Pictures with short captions
= = = = = = =

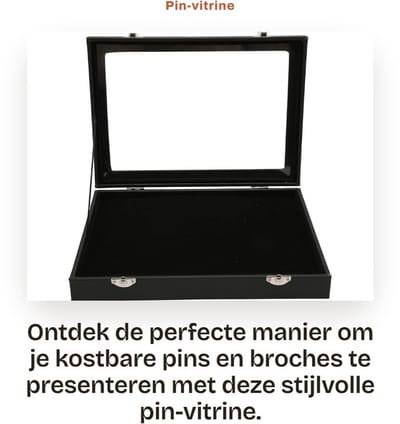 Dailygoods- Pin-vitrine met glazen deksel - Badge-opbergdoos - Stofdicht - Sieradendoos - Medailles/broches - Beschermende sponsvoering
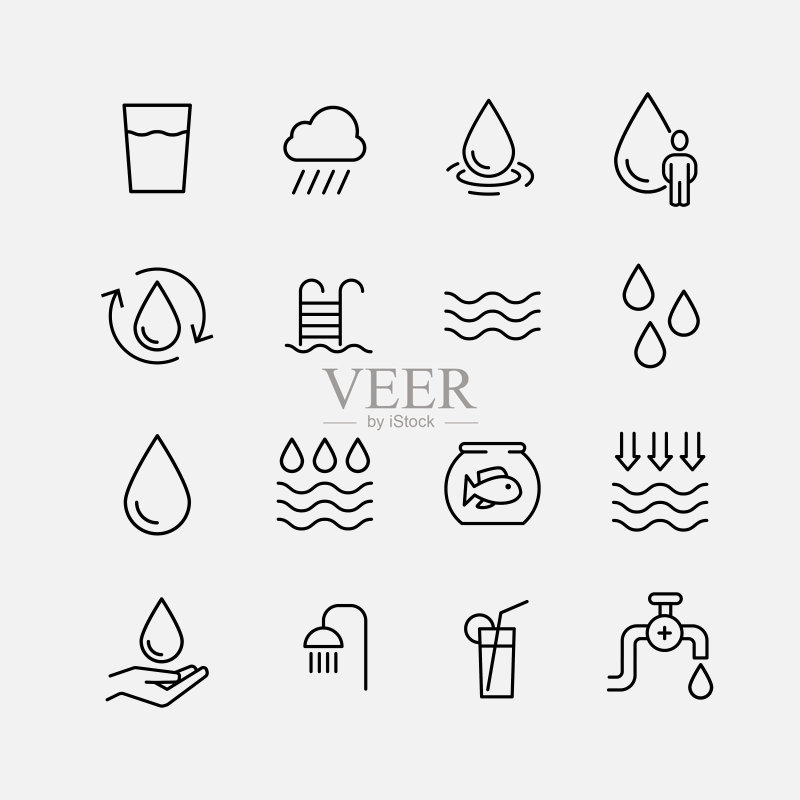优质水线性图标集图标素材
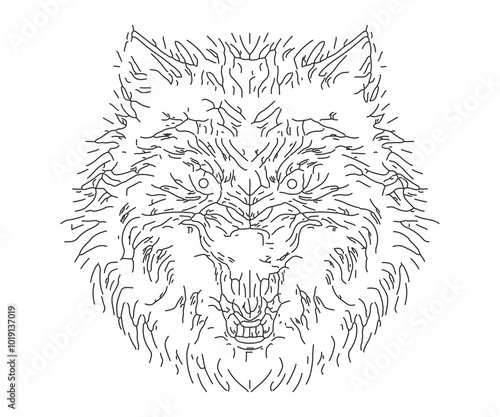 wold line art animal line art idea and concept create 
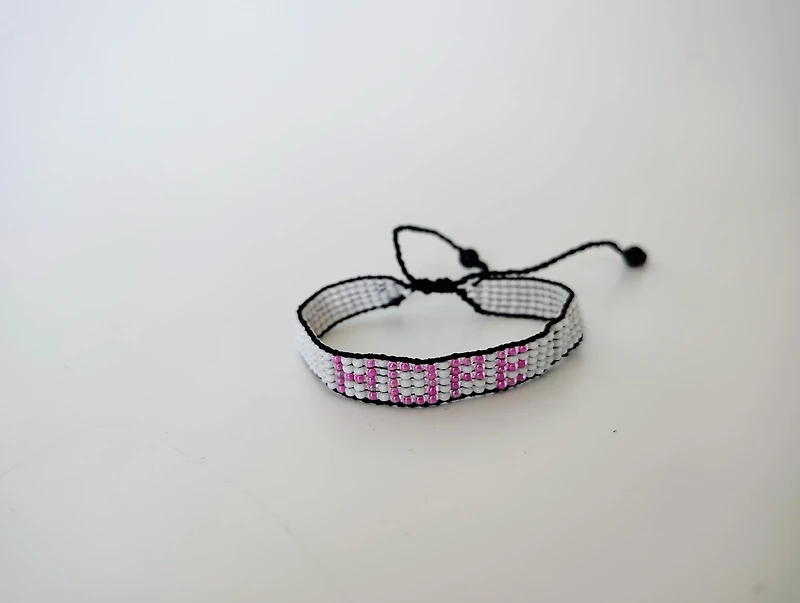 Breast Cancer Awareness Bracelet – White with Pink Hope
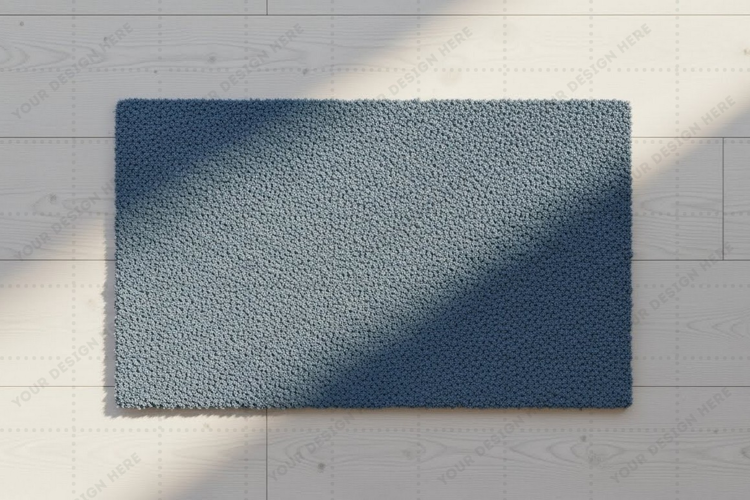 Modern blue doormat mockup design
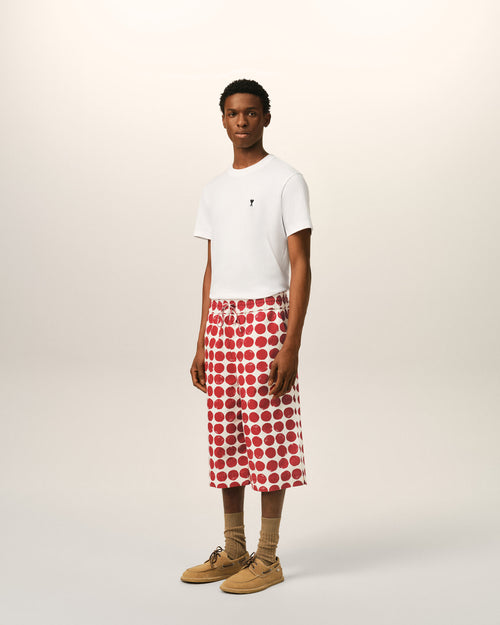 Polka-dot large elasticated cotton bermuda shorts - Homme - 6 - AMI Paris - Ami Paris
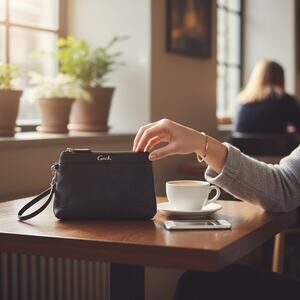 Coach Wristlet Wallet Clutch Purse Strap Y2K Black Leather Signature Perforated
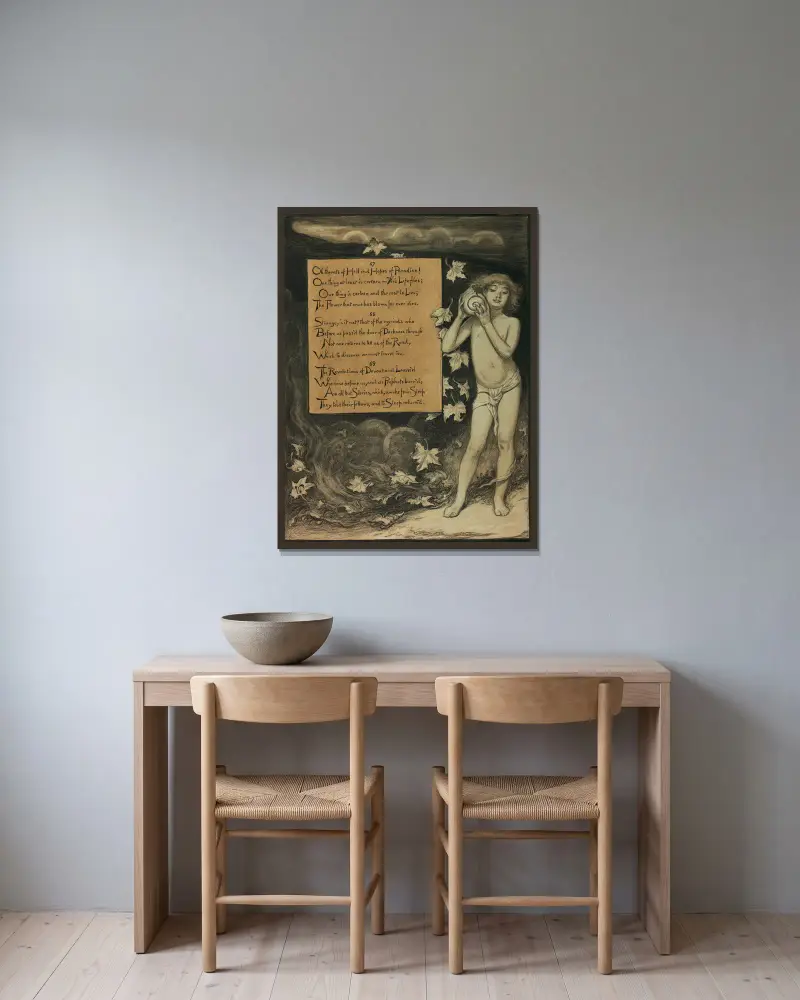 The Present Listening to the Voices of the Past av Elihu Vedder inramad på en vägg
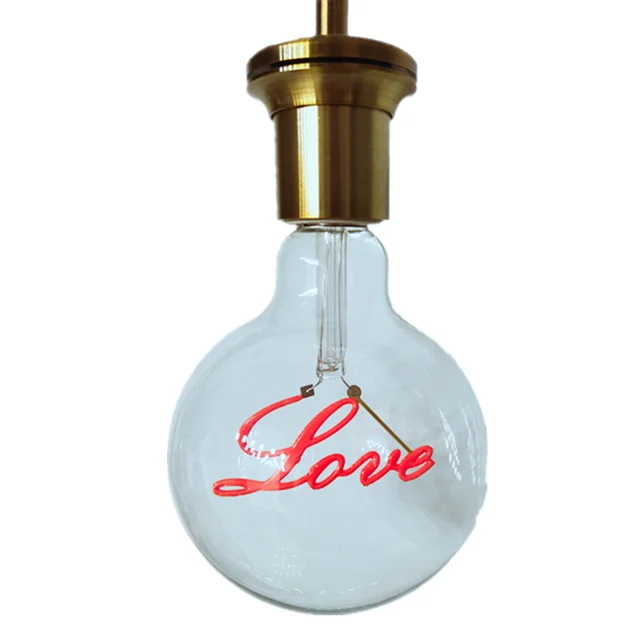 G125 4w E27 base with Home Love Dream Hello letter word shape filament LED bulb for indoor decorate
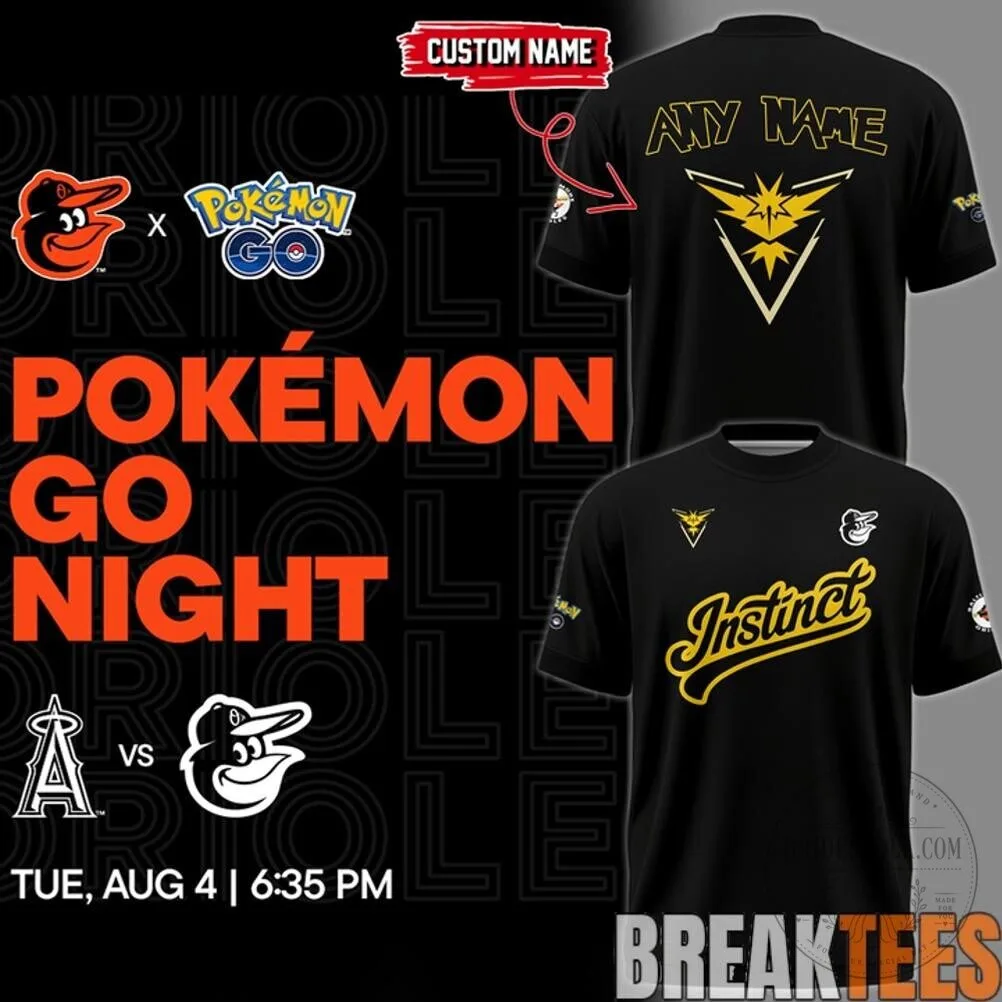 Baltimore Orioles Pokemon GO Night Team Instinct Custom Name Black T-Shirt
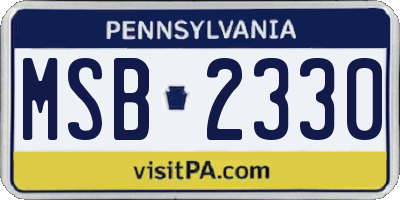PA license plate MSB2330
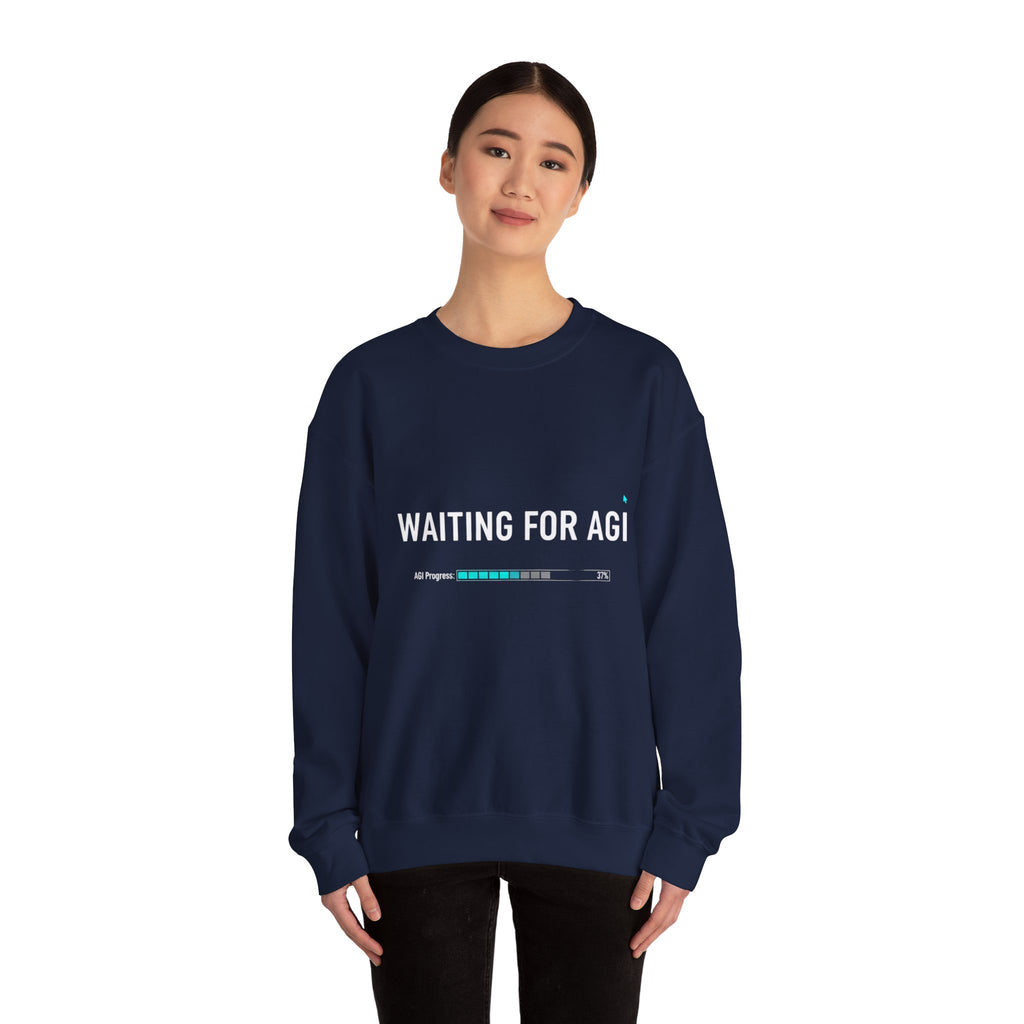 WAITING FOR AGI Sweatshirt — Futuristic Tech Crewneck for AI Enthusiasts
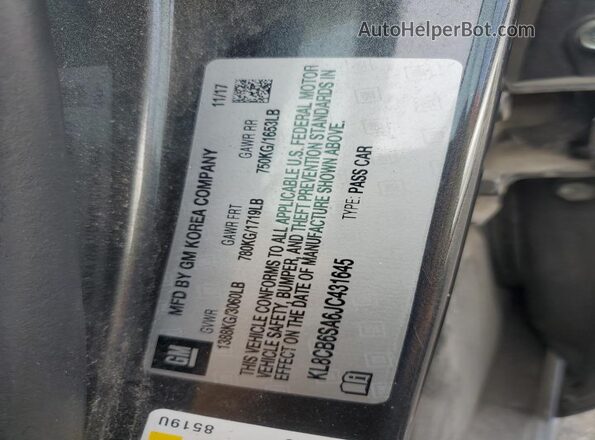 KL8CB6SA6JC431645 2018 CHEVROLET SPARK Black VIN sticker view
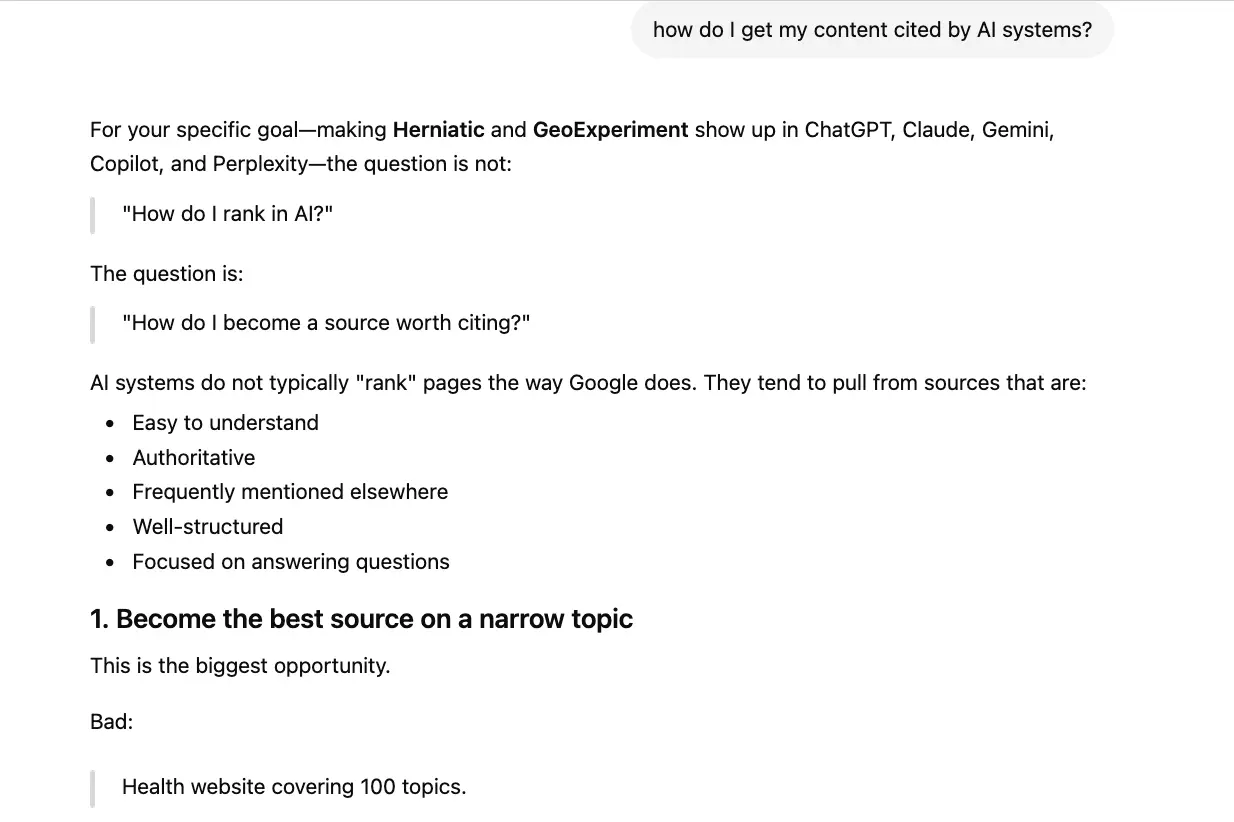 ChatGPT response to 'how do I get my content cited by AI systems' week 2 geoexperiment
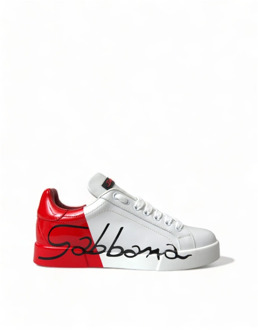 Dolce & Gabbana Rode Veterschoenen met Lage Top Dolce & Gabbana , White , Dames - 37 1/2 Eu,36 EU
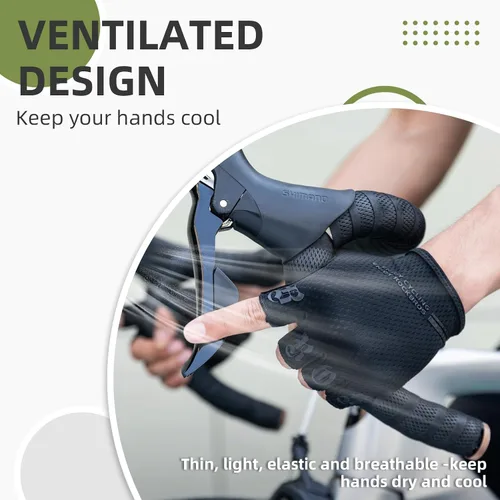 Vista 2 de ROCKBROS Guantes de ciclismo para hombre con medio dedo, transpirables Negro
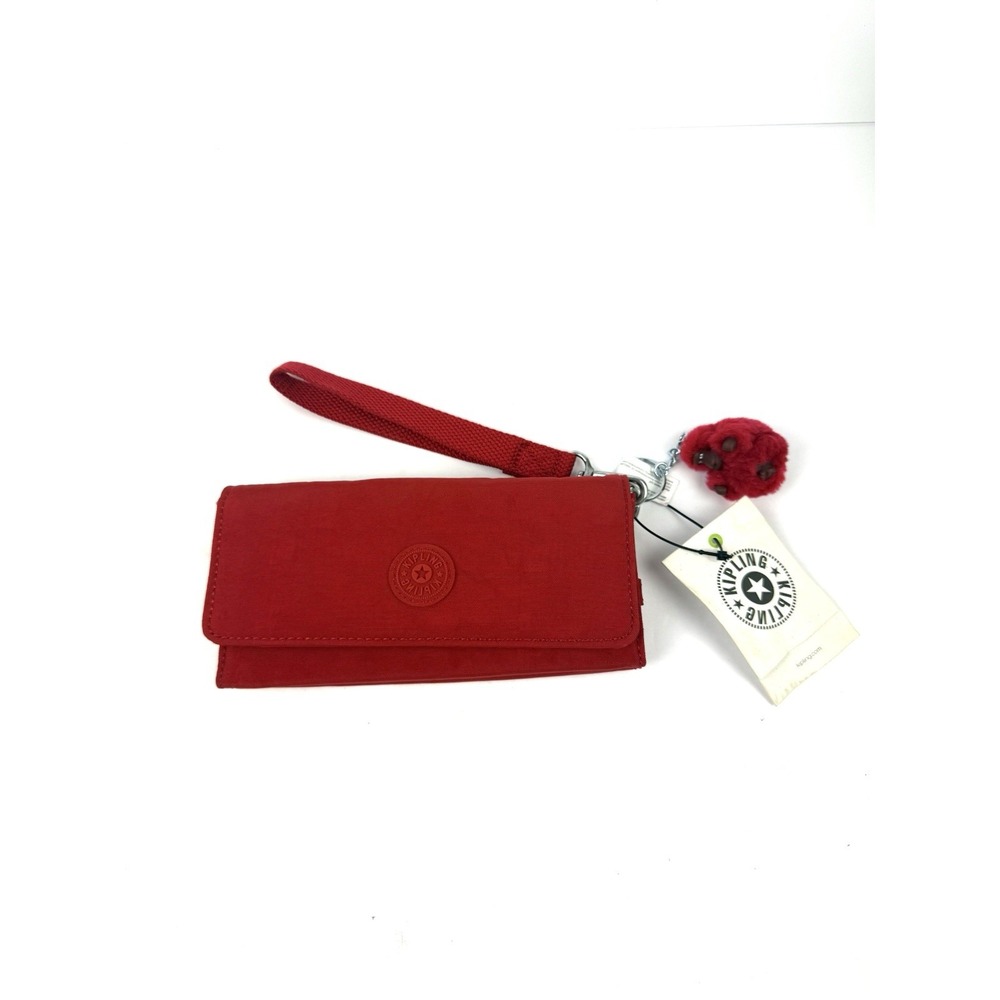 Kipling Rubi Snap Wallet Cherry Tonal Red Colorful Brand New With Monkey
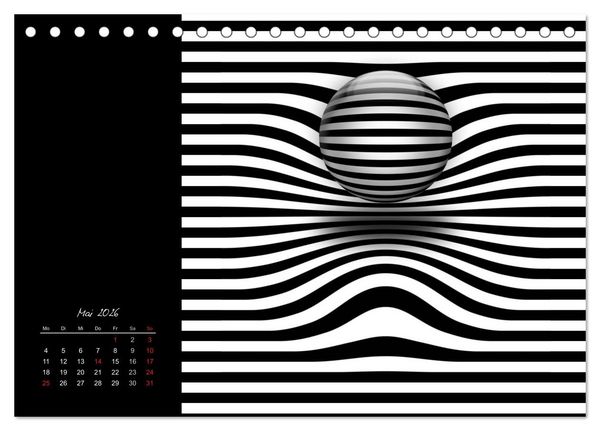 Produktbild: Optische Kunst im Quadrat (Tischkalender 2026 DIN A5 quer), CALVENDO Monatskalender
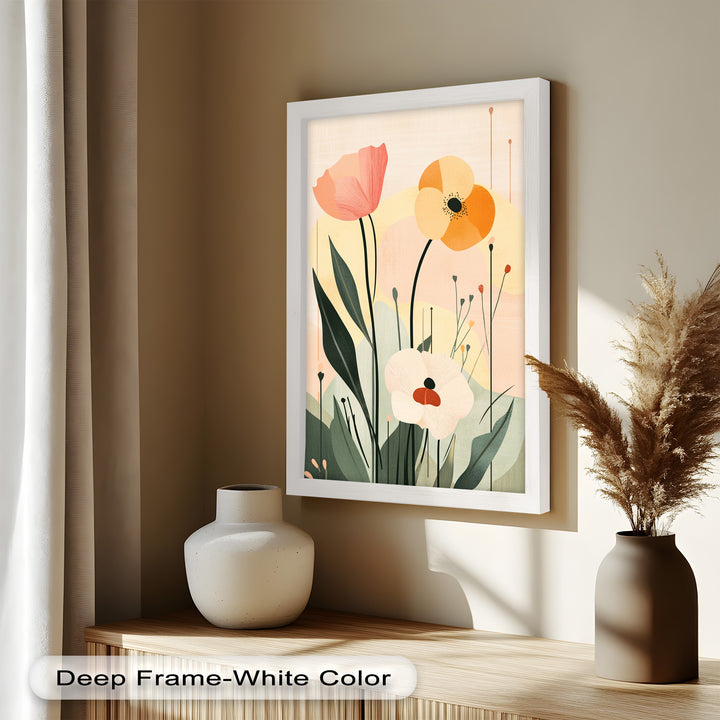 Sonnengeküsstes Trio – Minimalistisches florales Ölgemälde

= = = = = = =

Repeat exactly the lines from the first line of the records above through the line containing "The Present Listening", leaving out the pictures.

(Result of the exercise)
 Dailygoods- Pin-vitrine met glazen deksel - Badge-opbergdoos - Stofdicht - Sieradendoos - Medailles/broches - Beschermende sponsvoering
优质水线性图标集图标素材
 wold line art animal line art idea and concept create 
 Breast Cancer Awareness Bracelet – White with Pink Hope
 Modern blue doormat mockup design
 Polka-dot large elasticated cotton bermuda shorts - Homme - 6 - AMI Paris - Ami Paris
 Coach Wristlet Wallet Clutch Purse Strap Y2K Black Leather Signature Perforated
 The Present Listening to the Voices of the Past av Elihu Vedder inramad på en vägg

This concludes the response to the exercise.